Give back all of the data exactly, with every picture omitted.

§ Given data
___

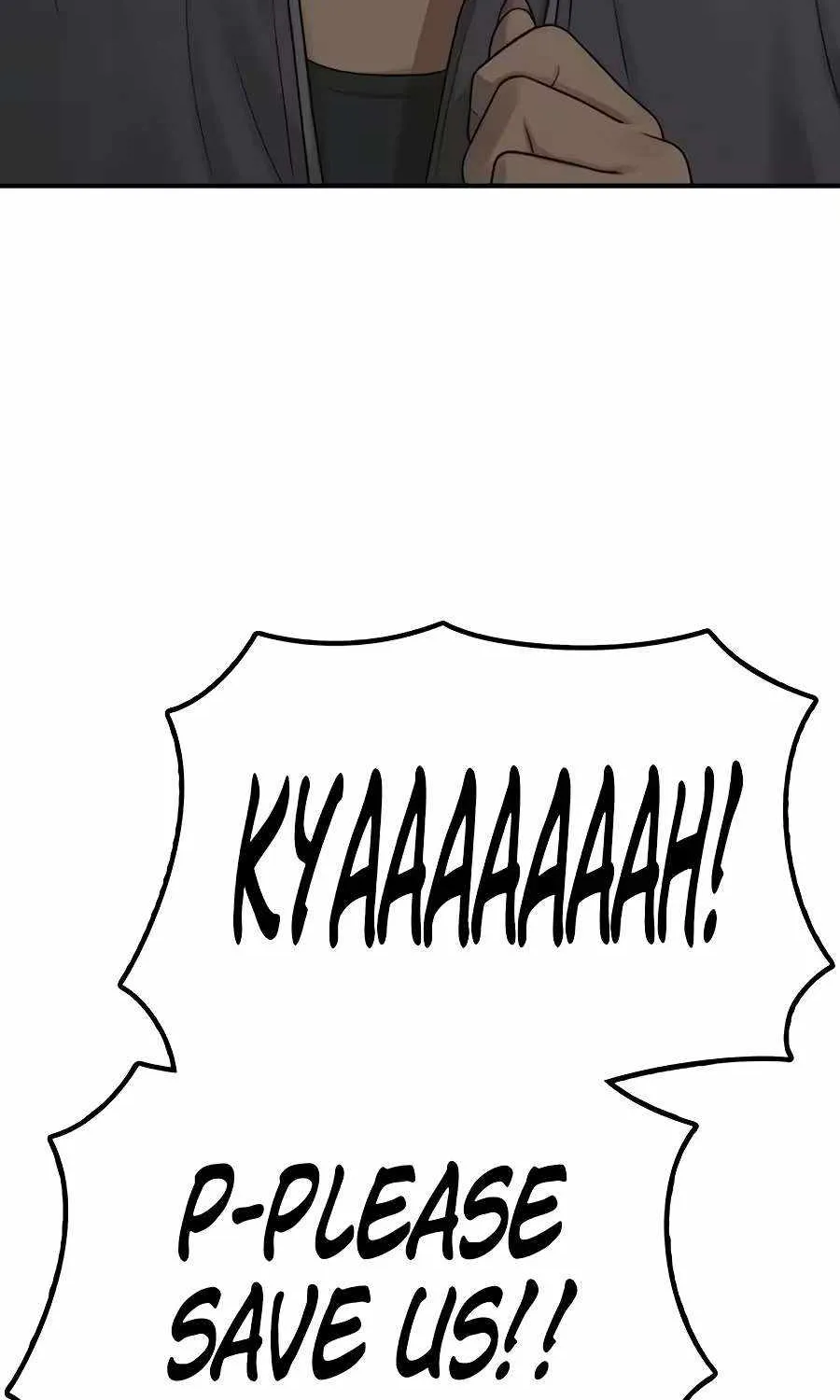 The Apocalypse is Here, chapter 81, page 33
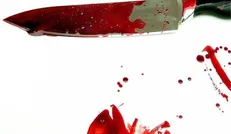 قتل فجیع زن جوان با 8 ضربه چاقو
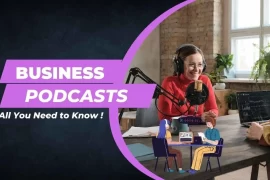 Best Business Podcasts for Young Entrepreneurs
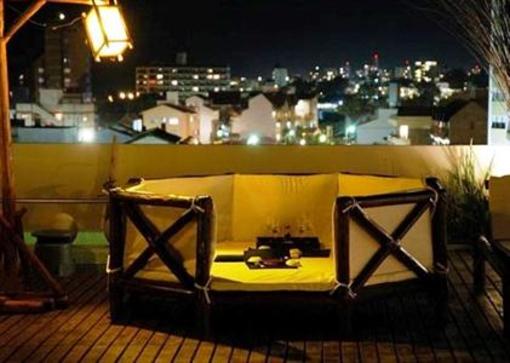 фото отеля Tequendama Spa & Resort Villa Gesell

___

§ Worked solution
 The Apocalypse is Here, chapter 81, page 33
 قتل فجیع زن جوان با 8 ضربه چاقو
 Best Business Podcasts for Young Entrepreneurs
 фото отеля Tequendama Spa & Resort Villa Gesell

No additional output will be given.